Bir gün rüyamda Peygamber Efendimizle (sav) görüştüm. Bana Erzincan’a gitmemi ve orada depremden yıkılan (1939 depremi) fakat minaresi gitmemiş olan bir cami olduğunu, orada ezan okumamı istedi. “Yusuf senden çok memnun oldum. Yine ezan okumaya devam et. Onlar “tanrı uludur” dedikçe ben çok rahatsız oluyorum. Sizlerin “Allah-u Ekber” sesleri bizi çok sevindirdi.” dedi. (Neyi var, neyi yoksa satıyor ve elli lira elde ederek iki arkadaş Erzincan yolunu tutuyorlar. Kara trenle Erzincan’a bir haftada gidebilmişler. Bir otele inmişler, sivil polis takibine uğramışlar. Bir kahvede domino taşı oynayarak polis kontrolünden kurtulmuşlar.)
“Cuma günü, Peygamberimizin rüyamda dediği şekilde, caminin minaresine çıktım. Bütün engellemelere rağmen, ezanı aslından okuyarak tamamladım. Dışarıda muazzam bir kalabalık birikmişti. Vali, jandarma komutanı, müftü geldi. Bizi orada hemen alıp Erzincan merkez karakoluna götürdüler. Rutubetten çatlamış, her taraftan soğuk alan bir binaya yerleştirdiler. Altı beton, hiçbir döşemesi ve yatağı olmayan bir binaydı burası. Soğuk kış günüydü. Günlük bize bir tahin ve birer kap çorba veriyorlardı. Nihayet 3. ay bizi mahkemeye çağırdılar. Paramız bittiği için paltolarımızı ve ayakkabılarımızı gardiyana sattırıp yiyecek bir şeyler aldık. Hâkim Bey bize “Niye yalın ayaksınız?” deyince; hapiste parasız kaldığımızı, karnımızı doyurmak için paltolarımızı ve ayakkabılarımızı satmak mecburiyetinde kaldığımızı anlatınca, mahkemeye gelen Erzincan halkından birçoğu ağlamış ve bizlere acımıştı. Halk ranzalar, battaniyeler ve ayakkabılar göndermiş bize.
Bir ezandan bizi tam 9 ay bilerek yatırmışlar ve mağdur etmişlerdi. Mahkemeden dışarı çıktığımızda halk bize yardım etmek istedi. Bir lokantacı bize doyasıya bedava yemek verdi, karnımızı doyurdu. Sonra bir hayırsever bizi kamyonuyla Ankara’ya getirdi. Yaklaşık 80 kişi kamyonun kasasında Ankara’ya üç günde gelmiş olduk.”
Galiplerin tarihine buruk bakış
Anadolu’nun neresine giderseniz gidiniz, yaşlı dedelerden ve ninelerden bunlara benzer acı hatıraları gözyaşları içinde dinlersiniz. Tarihi galipler yazarmış, doğru! Ama ben; rahmetli babamın ve ninemin gözyaşları içinde, özellikle kış gecelerinde, yaşadıklarını anlatarak, gözyaşlarıyla derinden iç çekmelerini hiç unutamadım.

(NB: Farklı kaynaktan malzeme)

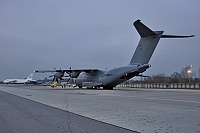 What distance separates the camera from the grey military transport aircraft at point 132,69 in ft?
111

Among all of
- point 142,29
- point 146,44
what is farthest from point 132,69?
point 142,29

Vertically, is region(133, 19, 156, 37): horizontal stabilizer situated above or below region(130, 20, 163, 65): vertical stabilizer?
above

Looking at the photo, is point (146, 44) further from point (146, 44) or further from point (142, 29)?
point (142, 29)

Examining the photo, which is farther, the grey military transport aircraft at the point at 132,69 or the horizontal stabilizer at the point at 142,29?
the grey military transport aircraft at the point at 132,69

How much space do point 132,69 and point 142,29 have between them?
648 cm

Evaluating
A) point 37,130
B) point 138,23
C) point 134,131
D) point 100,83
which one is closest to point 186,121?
point 134,131

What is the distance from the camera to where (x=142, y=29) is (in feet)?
107

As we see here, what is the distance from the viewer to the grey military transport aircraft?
1336 inches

Babaannemin; “Evladım, ezan ilk defa Arapça aslından köy camiinin minaresinden: (Minare de yoktu ya, dut ağacına merdiven basamakları çakılarak dut ağacına çıkılır ve oradan ezan okunurdu.) Allah-u Ekber, Allah-u Ekber diye okununca, bu sesi duyan herkes evinin avlusuna çıkıyor, ağlıyor, zıplıyor; adeta deliriyordu!” diyerek bana gözyaşları içinde, o günkü duygularla, anlatışı yok muydu, beni de ağlatıyordu. Ve ben hangi mektebe gittiysem, bana hangi “zırva” şeyler öğretildi, telkin edildiyse, ben onların hiçbirinden etkilenmedim rahmetli babamın ve babaannemin sayesinde. Bana öğretilen tarihe hep mesafeli durdum, durmaya da devam ediyorum. Gerçek tarihimi gizleyenlerle; bu dünyada olamazsa bile, mahşer günü hesaplaşmak istiyorum.
Bu millet gerçek tarihini öğrendiğinde inanınız çok munis ve birleştirici, kuşatıcı olacaktır; çünkü bu milletin çocukları, doğduklarında kulaklarına ezan okunarak hayata başlıyor. Yeter ki, gölge etmesin birileri, başka bir şey istemez.